Ken Light, curator of the university's Center for Photography and a fellowship judge, agrees.
"It's a largely hidden world unless you are a part of it. (The pictures) will allow others to see that world," Light said.
The fellowship is named after Dorothea Lange, a documentary photographer who took her camera to the streets of San Francisco and Oakland during the Depression, recording the bread lines and the waterfront strikes. Later, with her second husband, labor economist and UC Berkeley professor Paul S. Taylor, she documented farm families migrating west in search of work during the Depression.
She also produced photographic essays on Ireland, Asia, Egypt and the consequences of California's post-war boom, many of which were given to the Oakland Museum of California after her death in 1965.

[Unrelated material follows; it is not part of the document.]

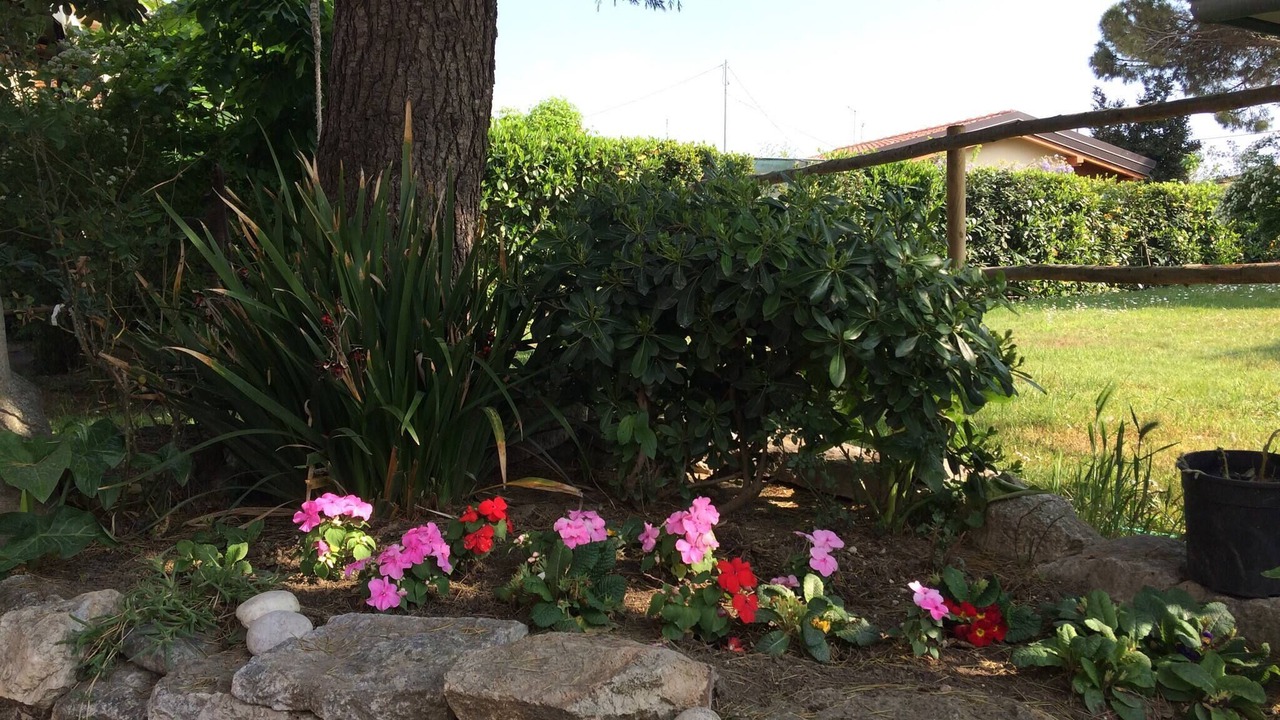Photo of Outdoor in Porto Viro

The "Essence of Brotherhood," which can be seen at
www.berkeley.edu/lange, will be on display starting March 18 in the Associated Student's space in Lower Sproul Plaza.
Andrew Moisey, now a Ph.D candidate in film track at the Department of Rhetoric, recalls how he tried to steer his younger brother away from fraternity life.
"I tried to tell him, 'Don't join,'" Moisey said. "'You're just a freshman. If you join a fraternity, you'll just do the same things you did in high school.' James wanted to get his degree, have fun and make sure he didn't leave college without some stories."
Moisey, who lives in Oakland with his girlfriend, feared his brother would be driven by his testosterone.
"It just seemed like a waste of time," he said.
Although there are no pictures of hazing, which both Moisey brothers said doesn't exist in this particular fraternity, the frat brothers asked Moisey not reveal their names when the photos were released.
"They let me take pictures just as long as I protect their privacy, so I have to protect that," he said. For legal reasons, Moisey did not reveal the name of the fraternity.
But the privacy oath didn't stop him from shooting life with the brothers: drunk men vomiting, students dirty dancing, pledges passed out and a guy drinking beer from his own prosthetic leg.
"In order to make really good pictures, you have to get used to these things," Andrew Moisey said. "It's not enough to get a picture of someone vomiting, you have to get the one that shows the characteristics with which fraternity men vomit."
Moisey said none of the fraternity brothers took offense at his presence or his photos.
"It's not cool to be that sensitive," he said. "A few of them said, 'I don't look that good there.' But this is a part of their life, they would look foolish for denying it."
Through the project, he said he gained a better understanding of the friendships, traditions and trust forged between fraternity brothers during good times and bad. Looking back, so did his brother.
"I think some (people's) perceptions of fraternities that they see in the movies will be reinforced in some pictures," said James Moisey. "But on the other hand, people are going to see that there is more going on. The stereotype is just one facet of what people are aware of."